Planet Nine is something that astronomers can’t do much more than predict at this point in time. While we’re pretty sure that it must exist out there somewhere, we currently have no physical evidence that it’s really there.
Image Credit: Caltech
We’ve predicted its existence because of the deformed orbital path of some of the outer planets in our Solar System. Specifically, there’s a strange tilt to the solar system's plane, and in order for this to happen, something big and with just the right gravitational influence would have had to influenced it.
Because astronomers currently have no leads on where Planet Nine is, or if it’s even out there, it’s quite a strong hypothesis. Nevertheless, they haven’t given up searching for it and are now calling on the public to help them find it.

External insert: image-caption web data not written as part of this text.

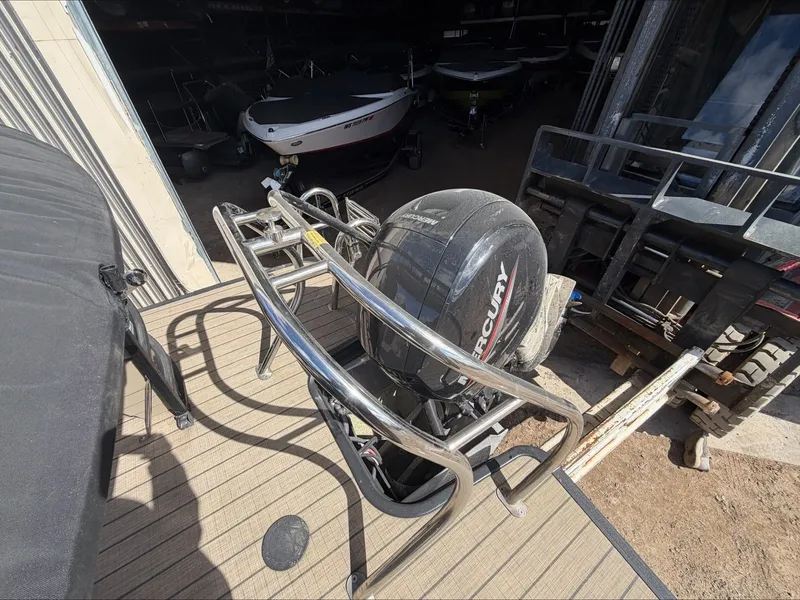 Slide: The Image of Starcraft SLS 3 boat with Mercury outboard motor, 2023 model. - 13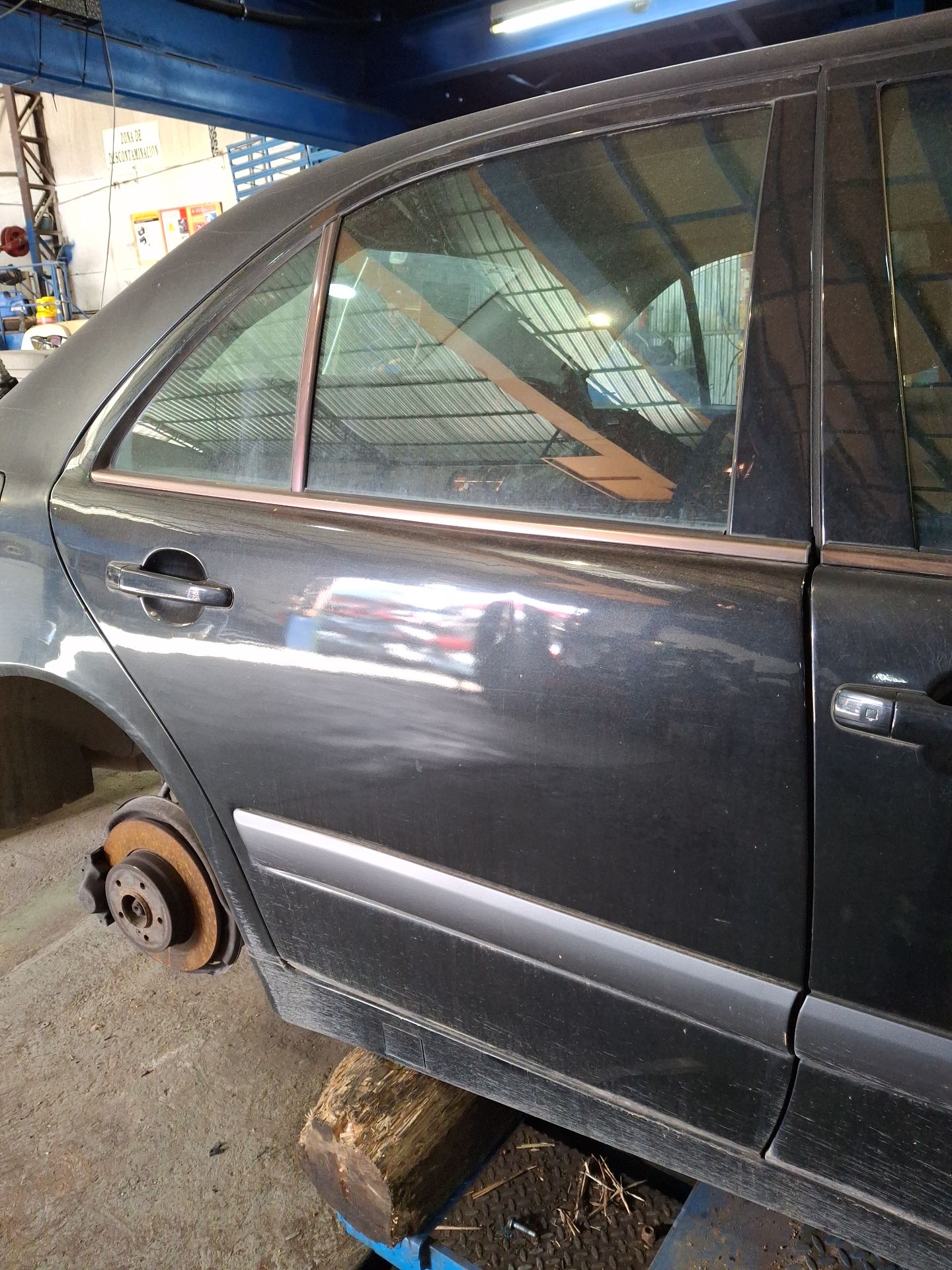 PUERTA TRASERA DERECHA MERCEDES-BENZ CLASE E 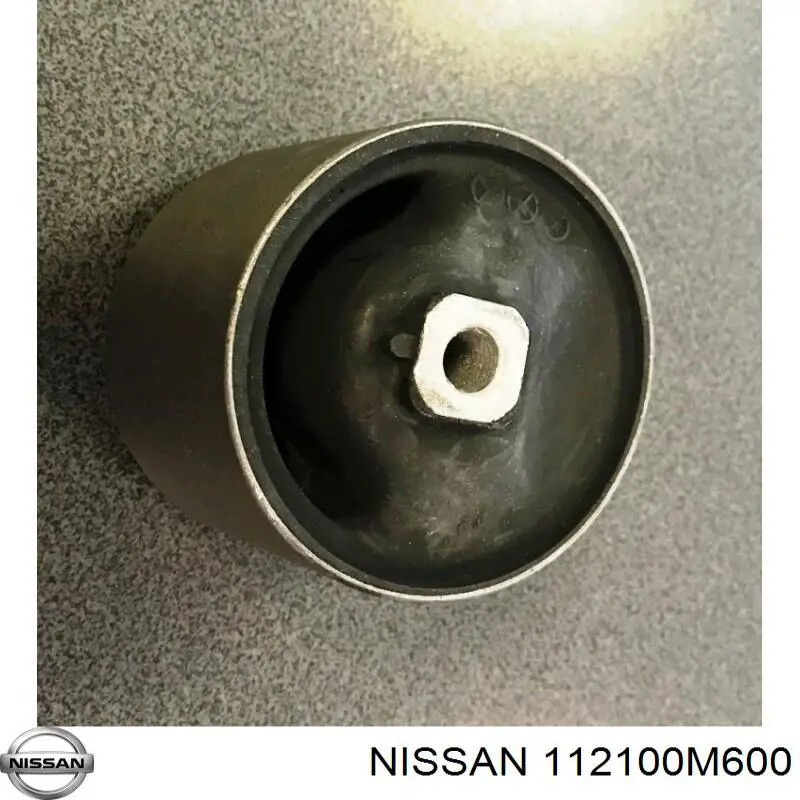 112100M600 Nissan подушка (опора двигателя правая)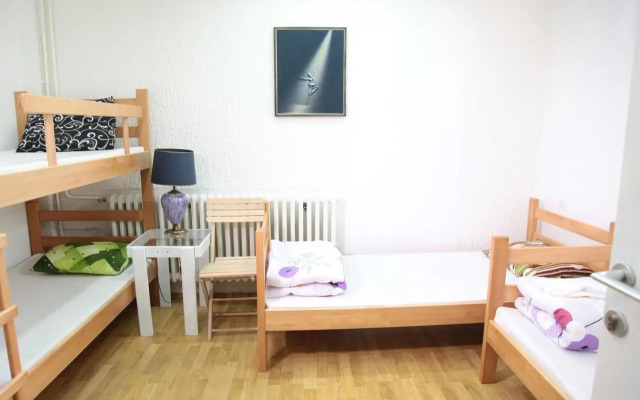 Hostel Jellostone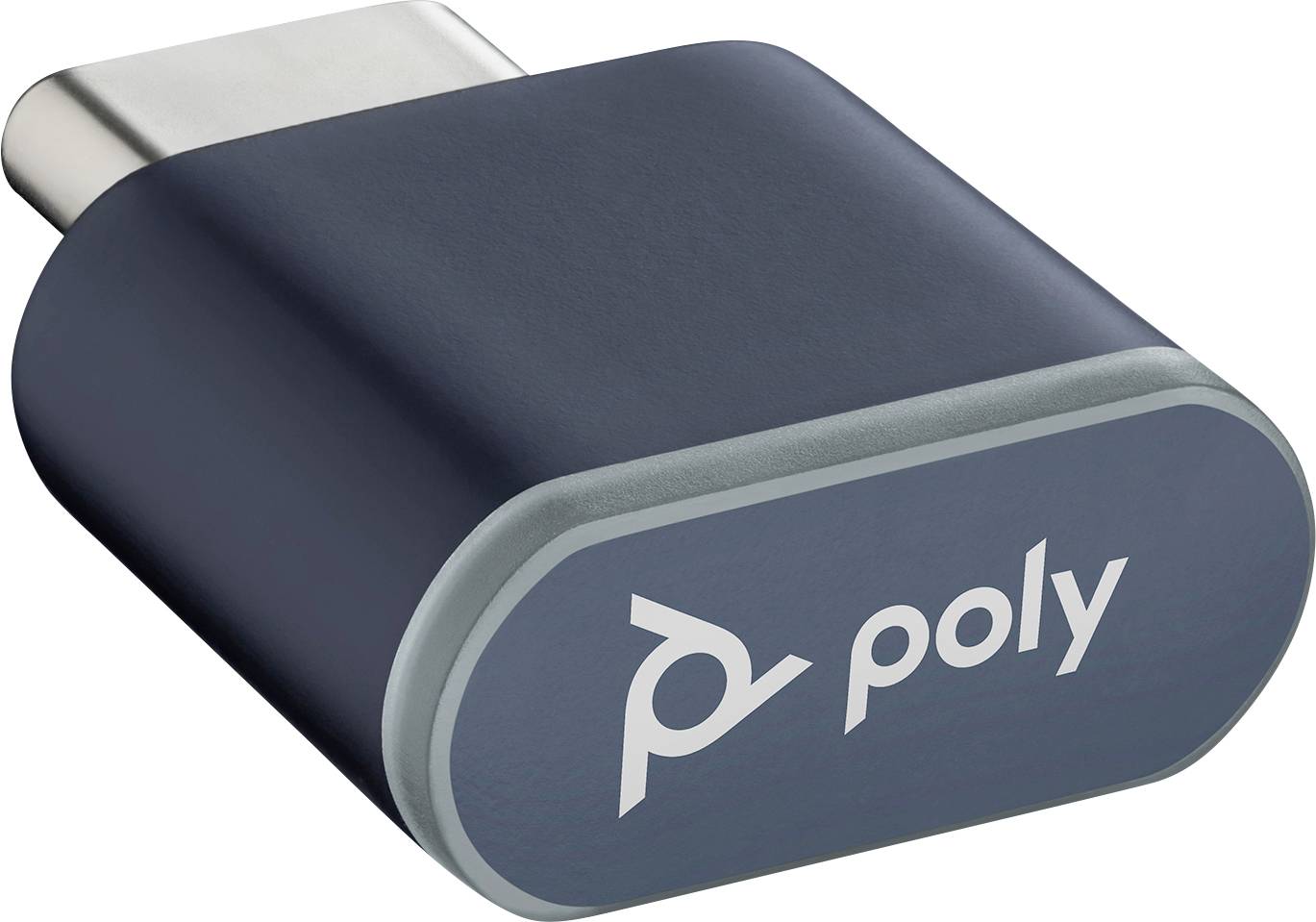 Tmavě šedý adaptér USB Type-C s textem "poly" na jeho straně. Adaptér je umístěn v úhlu, což zdůrazňuje jeho kompaktní design.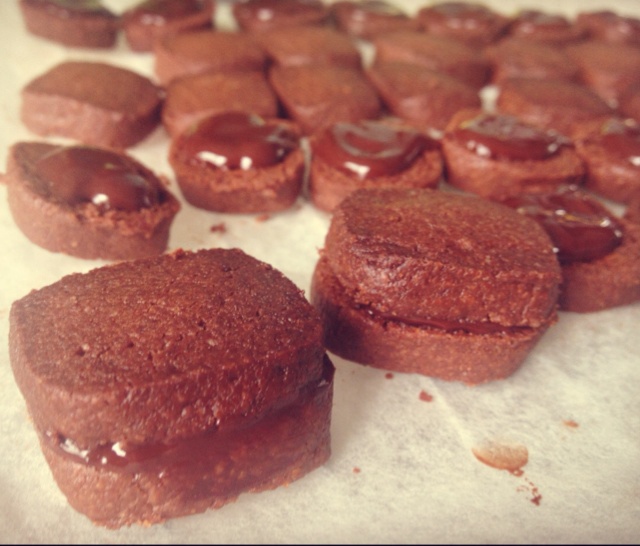 巧克力夹心饼干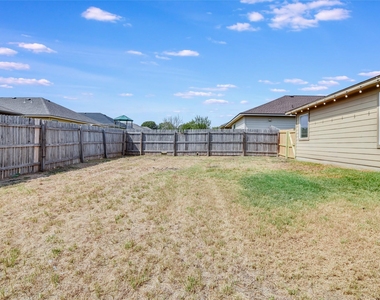238 Wild Plum - Photo Thumbnail 18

Amateur stargazers are being welcomed by Australian National University astronomers to help look at images robotically taken with space imaging equipment to try and figure out where Planet Nine might be. It’s hoped that by getting some extra sets of eyes on the images, it might be possible to spot something that the professionals may have missed.
After all, when you’re looking at a bunch of dark images with little white dots all over the place, all of those white dots can tend to start looking the same after a while, so perhaps that’s not such a bad idea.
“We have the potential to find a new planet in our Solar System that no human has ever seen in our two-million-year history,” said Dr Brad Tucker, the lead of this new initiative. “If this planet exists, it's already in one of our thousands and thousands of images.”
Planet Nine is expected to be a large gassy planet, if it exists, which means it theoretically shouldn’t be that hard to spot. On the other hand, it’s considered to be so far away that the Sun’s light isn’t being reflected very well off of its surface, which in turn makes it harder to see.
The only way we are going to see it from images is to carefully examine the orbit and tilt of our Solar System and look in the general direction that computer models tell us make sense for these features to occur. We should then see either some kind of hazy object or something blocking star light from the distance.
Anyone who comes up with any leads as to where Planet Nine might be will reportedly have some say in what it gets named.
It should be interesting to see if amateur astronomers can offer any help to the pros.